Thursday, 9 April 2015

Flea markets

Since being in Stockholm I have been to two of the local flea markets: the Sunday market at Hötorget, and the all-week around market, Loppmarknaden at Vårberg. The overall quality of the stalls at Hötorget was better, but the prices were much higher, and as a consequence, although I saw a number of items of interest, all were too expensive. At Loppmarknaden, which is an underground hall in the shopping complex attached to Vårberg station, some of the stalls were little more than just piles of household rubbish, and presented as such. The market charges an entry fee at weekends, but I went on a weekday. It's possible that it may be busier, and with more stalls at the weekend. There was a good deal of furniture and furnishings from the 1950s-60s-70s, which holds onto a use value for longer than items generally thought of as technology, where the turnover is more rapid: VHS players, portable CRT televisions, sterograms, many early digital cameras, game consoles and games, and whole boxes of remote controls and chargers.


The flea market neatly brings together the flaneur and the objet trouvé. London is poor in this regard, perhaps due to knowing the price of everything. In the UK, the car boot sale is the nearest native equivalent, yet the car boot sale rarely produces the same feelings of felicity and serendipity. Possibly at one time, the wares for sale could have said something specific about the society in which they are found (but these flea markets are becoming more universalised across different countries, which in itself suggests homogenisation) - by what society can't quite bring itself to throw away and eke some last monetary value from. One feels that some of this junk simply circulates.

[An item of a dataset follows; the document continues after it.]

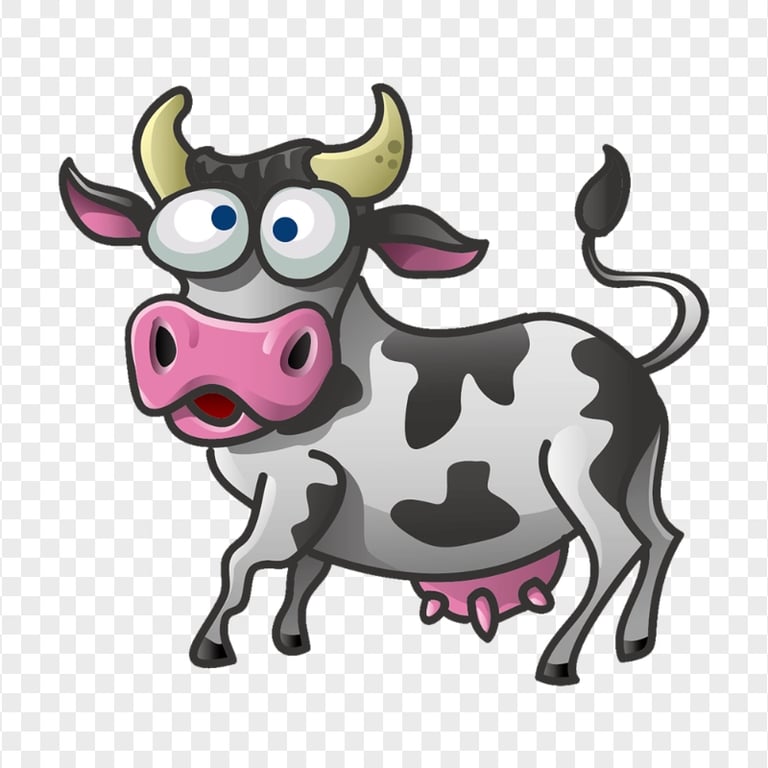HD Confused Cartoon Cow Character PNG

As usual, I was interested in cameras, photographic equipment and related items. There were many digital cameras from about a decade ago, a number of older SLRs, but the only camera that caught my eye, was an Agfa Isolette III. This looked in good condition, although a bit dusty, and everything worked except for the uncoupled rangefinder, which was stuck, and I may be able to repair this, but what piqued my interest sufficiently to buy it was the half-used roll of film inside. The seller wanted (and got) 200 SEK, just over £15. A few years ago I bought a Werra camera from the Mauerpark Flohmarkt in Berlin (the best flea market I have been to), which had a roll of half-used film inside. Despite opening the back and exposing the film, I was able to shoot the remaining film to get some images of the flea market on the camera I had just bought, and recover the undeveloped images, dormant for many years before the camera passed into my hands. Similarly, I finished the roll of film in the Isolette at Vårberg.